From her own laptop she transferred to the room computer a program called Golden Retriever, given to her by Bowman. It was like the data-recovery programs you could buy on the Web but much more powerful. She searched for documents created by “Durant.”

In 0.976 seconds, it displayed a message: No matches.

She would try more search terms. First, an adjustment. The computer keyboard lay flat on the desktop, and Hallie preferred typing on a tilted keyboard. She turned this one over and unfolded the plastic legs from their compartments on the underside. When she popped out the right one, something fell, hit the desktop, and bounced to the floor. The light was so dim in the room that she had to crawl around on her hands and knees to find the object. It was a blue microSD card the size of the nail on her little finger.

She was about to insert the card into a port in the station’s computer. Then she stopped and disconnected her laptop. She pushed the tiny card into one of that computer’s ports. There were thirteen folders, “date created” numbers showing that they started with the previous year’s January and ended with January just past. The folders held varying numbers of files — all .wmv format.

It was a video log. Emily had been an avid amateur shooter, loved video calls and YouTube. It was natural that her journal would be in this form. She had arrived in January of the previous year.

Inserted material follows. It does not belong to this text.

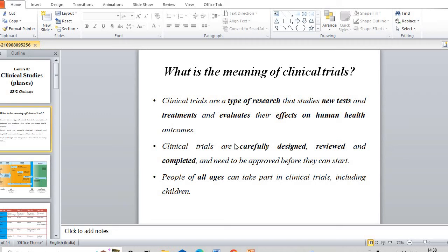A very good evening to all of you. Welcome to my channel, Inspire Pharma. Just like in my last video, I discussed that pharmacovigilance is the process of detection of adverse drug reactions which are associated with drugs. In this video, I am going to discuss what clinical trials are.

Hallie opened the first file from that month and suddenly there was Emily looking back at her from the screen. She double-clicked on the image, and Emily spoke.

“So. This is January sixth. My first full day here at Pole and my first entry into the video log.”

Hallie hit the Pause symbol and wiped away the tears that were filling her eyes. Emily looked like the young woman Hallie had known at BARDA — auburn hair, freckles, lively green eyes, an infectious smile. And a honey-sweet Georgia accent. So full of energy that Hallie could feel it coming through the monitor. Involuntarily, she found herself smiling back through the tears. She recalled things she and Emily had done together, the great climb on Denali, the avalanche, Emily digging her out, their decision to keep going, making the summit, all the hard-ass climbers cheering and buying them endless rounds when they stumbled back into the Talkeetna Lodge.